En cette fin de journée glaciale du mois de décembre, Muhammed Fatah Muhammed déambule dans le cimetière et montre du doigt des pierres. « Ça, c’est ma tante, Perwim Muhammed Qader, et son mari, Bahman Kaka Abdulrahman, explique-t-il. Leurs enfants sont aujourd’hui en Angleterre. » Encore plus loin, plus de pierres, plus de noms, dont celui de deux autres tantes, leurs maris et leurs enfants. « Après l’attaque, personne n’est venu dans la ville pendant un mois. Les morts ont été laissés par terre. Je n’étais pas né, mais j’ai entendu dire que les cadavres se transformaient en poudre comme ça »,poursuit le jeune homme en écrasant entre ses doigts une feuille d’arbre séchée.

L’un de ses oncles, Jalal Hussein, a survécu, mais, touché par un éclat à la colonne vertébrale, il ne peut plus bouger sa jambe droite. Assis sur un lit, cet homme écorche ses mots, ses poumons ayant été gravement touchés lors de l’attaque chimique. « Cela fait trente-quatre ans que mon frère vit avec moi, mais l’Etat n’a rien fait pour lui. Il n’y a eu aucune compensation, aucune aide pour ses opérations,regrette l’un des frères de Jalal Hussein, Ruzigar. On n’a plus d’argent pour s’occuper de lui. Depuis quelque temps, il n’arrive pas à contrôler sa vessie. » 

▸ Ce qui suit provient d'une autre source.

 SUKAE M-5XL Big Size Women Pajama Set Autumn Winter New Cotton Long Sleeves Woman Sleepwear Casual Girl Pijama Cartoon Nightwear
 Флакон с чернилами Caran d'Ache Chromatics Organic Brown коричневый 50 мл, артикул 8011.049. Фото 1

Ancien peshmerga (combattant kurde), Ruzigar s’est battu à Kirkouk lors de l’insurrection irakienne de 1991 contre le régime baasiste de Saddam Hussein, après l’échec de ce dernier dans la guerre du Golfe. La révolte a été matée en un mois par l’armée irakienne. Dans ces combats, Ruzigar a perdu des amis. « On s’est sacrifiés pour nos dirigeants, mais ils ne travaillent pas pour nous, parce qu’ils sont corrompus. Tous des voleurs »,s’emporte-t-il. L’homme, à la retraite depuis quelques années, fait référence aux anciens chefs de la résistance qui ont pris le pouvoir en se substituant au régime de Saddam Hussein au Kurdistan et qui se sont, depuis, considérablement enrichis, aux dépens de la majorité de la population.

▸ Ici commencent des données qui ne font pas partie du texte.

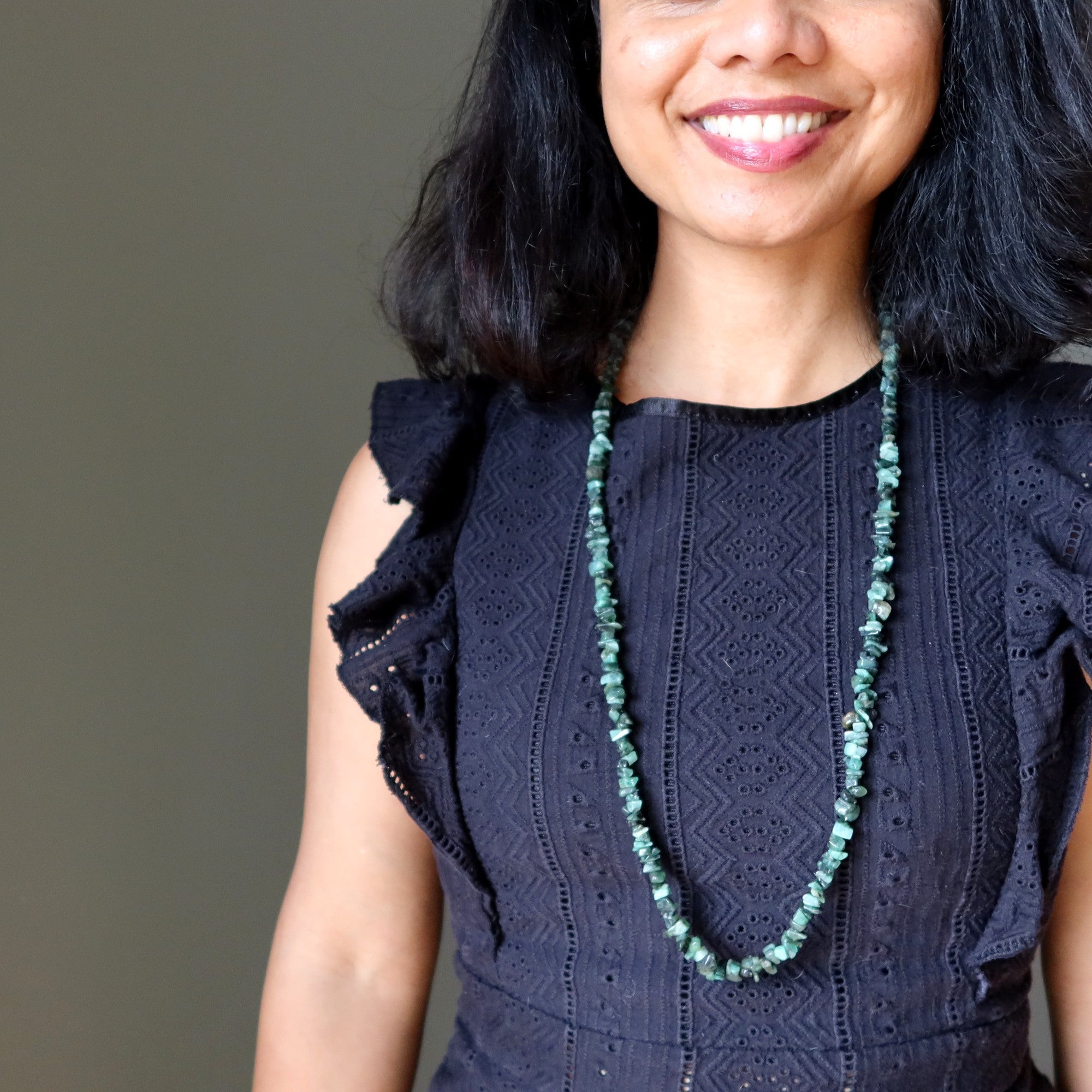 Collier Émeraude en Fil, Grandes Pierres Précieuses Vertes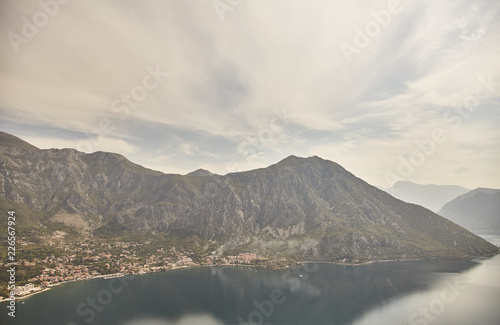 View of the Bay of Kotor from the observation deck. Montenegro. Summer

La ville de Halabja, utilisée sans cesse par les autorités comme un symbole du martyre kurde, est, elle aussi, « laissée pour compte », disent les habitants. « Tout le monde connaît les Kurdes d’Irak avec ce qui s’est passé ici,explique Shilir, une des sœurs de Ruzigar, une survivante elle aussi de l’attaque chimique de 1988. Et encore aujourd’hui de nombreuses maisons sont en ruine et les services publics demeurent très défaillants. » Dans cette ville de 200 000 habitants, l’eau ne coule que six ou sept heures par jour. Pareil pour l’électricité. « Nous sommes ignorés, poursuit Ruzigar. Si ça ne dépendait que de moi, je dirais que les jeunes doivent tous partir. Cela me rendrait très heureux que Muhammed s’en aille. Peut-être que, comme ça, on pourra emmener Jalal Hussein dans un pays européen et le faire opérer. »

A 70 kilomètres de Halabja, dans l’université publique de la ville de Sharazur, l’enseignant en anglais Hamid Mustafa est entouré des étudiants qui veulent, pour la grande majorité, eux aussi quitter le Kurdistan d’Irak. « Je les comprends. Ici, le chômage est très élevé. La mauvaise gestion est un vrai fardeau. Et l’instabilité règne », explique cet homme de 37 ans, aux cheveux et à la barbe déjà poivre et sel. Son salaire, comme celui de tous les fonctionnaires, a connu des réductions depuis 2017, à cause de la crise économique. « Parfois, pendant des mois, on ne touchait rien du tout, soutient-il. Ici, le système politique appartient à deux clans, les Barzani [à la tête du Parti socialiste du Kurdistan, PSK] et les Talabani [Union patriotique du Kurdistan (UPK), dirigée par Jalal Talabani (1933-2017)]. Ils embauchent qui ils veulent. Même le secteur privé leur appartient. Si tu ne les satisfais pas, tu restes dans les marges. »

L’un de ses étudiants, Shwana Karim, qui se spécialise en langue kurde, fait partie des rares jeunes confiants : « J’ai des contacts. Mes cousins occupent des postes haut placés au sein du parti UPK », assure le jeune homme barbu, assis sur un banc dans la cour de l’université. Son ami Muhammed Zebir n’a pas cette « chance »« Je n’ai pas de connexions. Si je ne trouve pas d’emploi correspondant à mes études, je partirai. » Dans sa ville natale, Rania, à deux heures d’Erbil, nombreux sont ses amis et ses cousins qui ont déjà pris le chemin de l’exil. La plupart vivent aujourd’hui en Angleterre. Muhammed Zebir aussi a voulu leur emboîter le pas, il y a quelques mois, mais ses parents s’y sont opposés. « Dans notre région, Rania, le chômage est très élevé. Les dirigeants la négligent. La situation est meilleure dans les grandes villes comme Erbil et Souleimaniyé. Pas chez nous. »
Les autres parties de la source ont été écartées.